Considering Real-World Factors

While this might not be a full-fledged app, it's a great balance of simplicity and power for a personal tool. However, in a real-world scenario, you'd want to consider factors like authorization, error handling, security, scalability, performance, and cost. This doesn't mean you have to change approach -- hypermedia can scale.

Forking the App and Further Customization

One of the key advantages of this paradigm is the ease of iteration and customization. You can fork and extend the API to suit your needs.

You can modify models, prompts, and behaviors with Replicate. The input and output from one stateless endpoint can be managed, and with the ability to have multiple vals, import them, and call their HTTP endpoints, you could even build an entire app with just vals.
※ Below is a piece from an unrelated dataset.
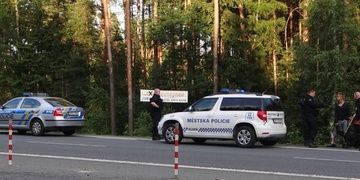 OHROŽOVALI SEBE I ŘIDIČE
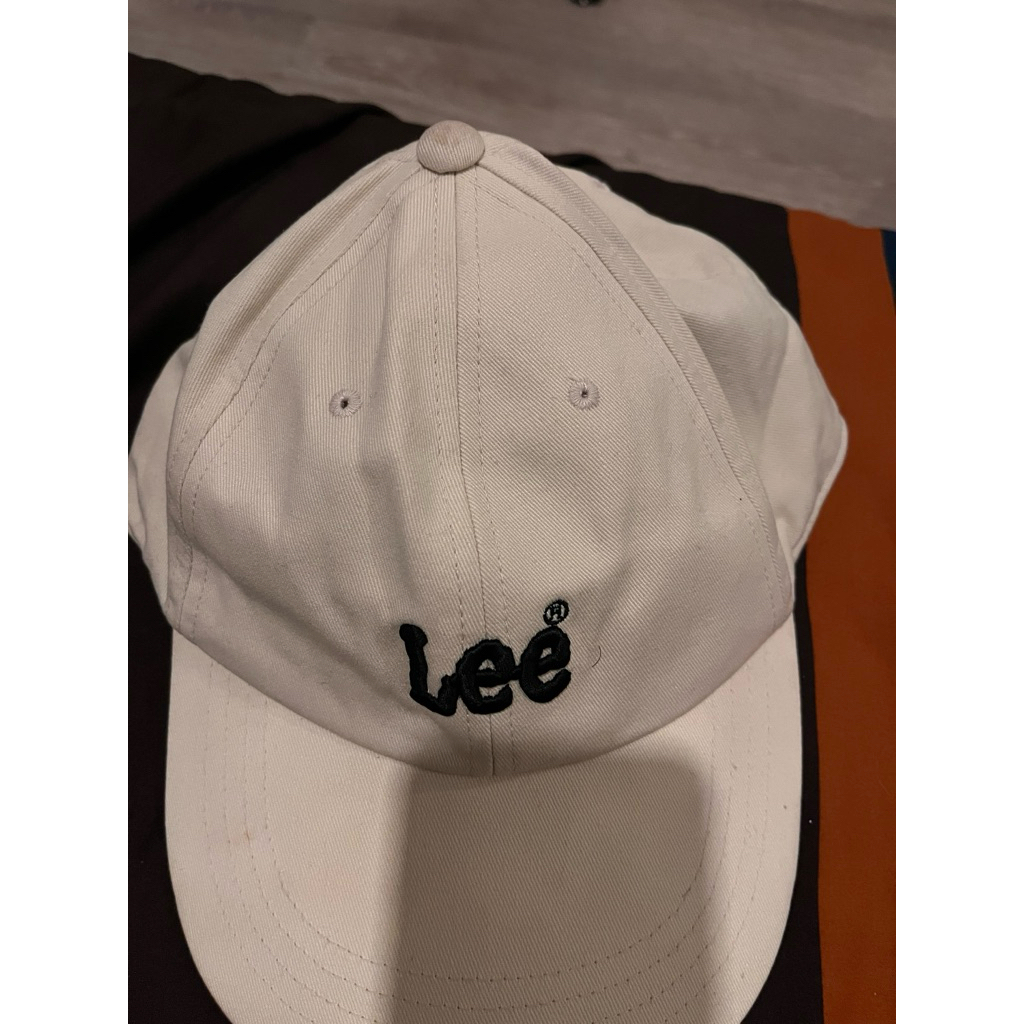 หมวกLEE ส่งต่อไม่ค่อยได้ใส่ สีครีมของแท้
The modular nature of the code means that if you need to scale up, you can easily move the code to a different platform. And since you're sending hypermedia, the app will continue to work even if the controls or the data change. The browser will be able to render it, and the user will be able to use it.

Wrapping Up

We've journeyed together through the creation of a hypermedia AI app, getting our hands dirty with practical coding and gaining a solid understanding of the key tools and concepts involved. We've seen how these elements can come together to build something that's not just functional, but also fun and imaginative.

What Lies Ahead

This guide is your starting point. Experiment with different models, tweak the code, and make it your own. The possibilities are endless, and the power to create is in your hands.